Will you attempt to track, impose limitations on, or otherwise influence how your dataset is used? If so, how? To access the data, we require dataset users indicate their affiliation, contact information, and use case. The research team will be assessing uses on a case-by-case basis, with particular attention given to risks associated with use cases that explicitly include sociodemographic data in their modeling. We also ask that any publications cite our dataset release paper so we can track academic uses of the dataset. Our full data license if available at HypotheticalDataLicense.com.

Were annotators informed about how the data is externalized? If changes to the dataset are made, will they be informed? Annotators were informed that this data will be released as a research dataset prior to engaging in the task. We allowed raters to opt in to an email list that with share updates about data release an availability. This site will contain an automatically-updated list of papers that cite our dataset release paper.
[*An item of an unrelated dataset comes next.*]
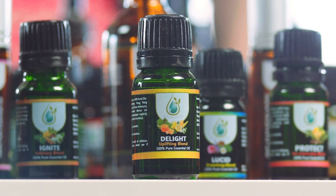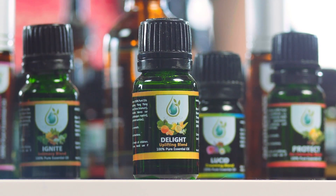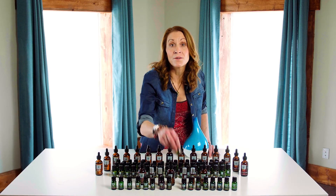This exotic blend offers uplifting overtones that provide energy to the body and joy to the soul. Delight Uplifting Blend has a magnetic aroma that inspires closeness and romance, and can be applied to the skin with a standard euro dropper top.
Is there a process by which annotators can later choose to withdraw their data from the dataset? If so, please detail. By design, we have no mechanisms of linking individual annotators to specific responses, and so have no option for annotators to withdraw their annotations form our dataset. We make this explicit to the annotators, and allow them to stop answering questions at any point if they decide they no longer want to continue.

Conclusion

In this work, we challenge the common portrayal of dataset annotators as interchangeable. Rather, we argue, their individual histories and experiences bring unique perspectives to the table that can become encoded in the overall dataset in a significant ways. Therefore, it becomes imperative to consider how the process of selecting annotators, and their experience working on annotation, is documented alongside other aspects of dataset development. Towards this end, we introduced CrowdWorkSheets, a framework for reflecting on and documenting key decision points of crowdsourced dataset development, and a set of recommendations for dataset developers. While this framework is oriented towards individual dataset developers, we also recognize the role large institutions can play in shifting incentives to engage with these recommendations, e.g. incentivizing transparent dataset documentation through conference submission and reviewer guidelines. Funding: This research was supported by Google.